Input START

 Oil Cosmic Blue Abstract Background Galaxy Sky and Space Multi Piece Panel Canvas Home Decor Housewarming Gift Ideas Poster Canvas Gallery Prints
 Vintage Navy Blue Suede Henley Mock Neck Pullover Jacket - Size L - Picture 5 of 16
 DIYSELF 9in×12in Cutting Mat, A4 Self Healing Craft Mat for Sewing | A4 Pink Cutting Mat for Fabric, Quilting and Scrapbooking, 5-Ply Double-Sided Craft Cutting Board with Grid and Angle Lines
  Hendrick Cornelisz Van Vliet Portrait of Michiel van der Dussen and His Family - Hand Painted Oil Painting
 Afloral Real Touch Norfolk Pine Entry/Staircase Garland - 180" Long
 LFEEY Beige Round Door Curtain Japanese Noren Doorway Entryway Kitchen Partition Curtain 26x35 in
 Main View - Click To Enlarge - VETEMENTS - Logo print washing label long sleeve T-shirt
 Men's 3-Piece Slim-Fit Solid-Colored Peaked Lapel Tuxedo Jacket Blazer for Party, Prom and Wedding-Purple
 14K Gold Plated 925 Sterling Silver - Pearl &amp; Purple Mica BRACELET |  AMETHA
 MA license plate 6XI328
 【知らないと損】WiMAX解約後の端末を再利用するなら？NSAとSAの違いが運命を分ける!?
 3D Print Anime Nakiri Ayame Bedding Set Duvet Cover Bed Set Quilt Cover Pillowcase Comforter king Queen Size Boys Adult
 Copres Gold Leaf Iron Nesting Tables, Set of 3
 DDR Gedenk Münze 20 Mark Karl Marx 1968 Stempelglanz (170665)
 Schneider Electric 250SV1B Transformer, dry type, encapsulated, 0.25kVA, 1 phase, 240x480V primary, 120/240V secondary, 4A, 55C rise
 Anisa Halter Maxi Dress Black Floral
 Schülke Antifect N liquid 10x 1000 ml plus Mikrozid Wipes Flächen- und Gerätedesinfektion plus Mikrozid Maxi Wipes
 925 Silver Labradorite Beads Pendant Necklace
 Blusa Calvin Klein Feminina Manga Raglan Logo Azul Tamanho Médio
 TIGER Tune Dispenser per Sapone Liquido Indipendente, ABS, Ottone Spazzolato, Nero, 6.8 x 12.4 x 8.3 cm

Input END

- **Required work**
What the task asks for is a word-for-word repeat of the lines above, from the first through the one containing "Blusa Calvin Klein".

- **Exercise response**
 Oil Cosmic Blue Abstract Background Galaxy Sky and Space Multi Piece Panel Canvas Home Decor Housewarming Gift Ideas Poster Canvas Gallery Prints
 Vintage Navy Blue Suede Henley Mock Neck Pullover Jacket - Size L - Picture 5 of 16
 DIYSELF 9in×12in Cutting Mat, A4 Self Healing Craft Mat for Sewing | A4 Pink Cutting Mat for Fabric, Quilting and Scrapbooking, 5-Ply Double-Sided Craft Cutting Board with Grid and Angle Lines
  Hendrick Cornelisz Van Vliet Portrait of Michiel van der Dussen and His Family - Hand Painted Oil Painting
 Afloral Real Touch Norfolk Pine Entry/Staircase Garland - 180" Long
 LFEEY Beige Round Door Curtain Japanese Noren Doorway Entryway Kitchen Partition Curtain 26x35 in
 Main View - Click To Enlarge - VETEMENTS - Logo print washing label long sleeve T-shirt
 Men's 3-Piece Slim-Fit Solid-Colored Peaked Lapel Tuxedo Jacket Blazer for Party, Prom and Wedding-Purple
 14K Gold Plated 925 Sterling Silver - Pearl &amp; Purple Mica BRACELET |  AMETHA
 MA license plate 6XI328
 【知らないと損】WiMAX解約後の端末を再利用するなら？NSAとSAの違いが運命を分ける!?
 3D Print Anime Nakiri Ayame Bedding Set Duvet Cover Bed Set Quilt Cover Pillowcase Comforter king Queen Size Boys Adult
 Copres Gold Leaf Iron Nesting Tables, Set of 3
 DDR Gedenk Münze 20 Mark Karl Marx 1968 Stempelglanz (170665)
 Schneider Electric 250SV1B Transformer, dry type, encapsulated, 0.25kVA, 1 phase, 240x480V primary, 120/240V secondary, 4A, 55C rise
 Anisa Halter Maxi Dress Black Floral
 Schülke Antifect N liquid 10x 1000 ml plus Mikrozid Wipes Flächen- und Gerätedesinfektion plus Mikrozid Maxi Wipes
 925 Silver Labradorite Beads Pendant Necklace
 Blusa Calvin Klein Feminina Manga Raglan Logo Azul Tamanho Médio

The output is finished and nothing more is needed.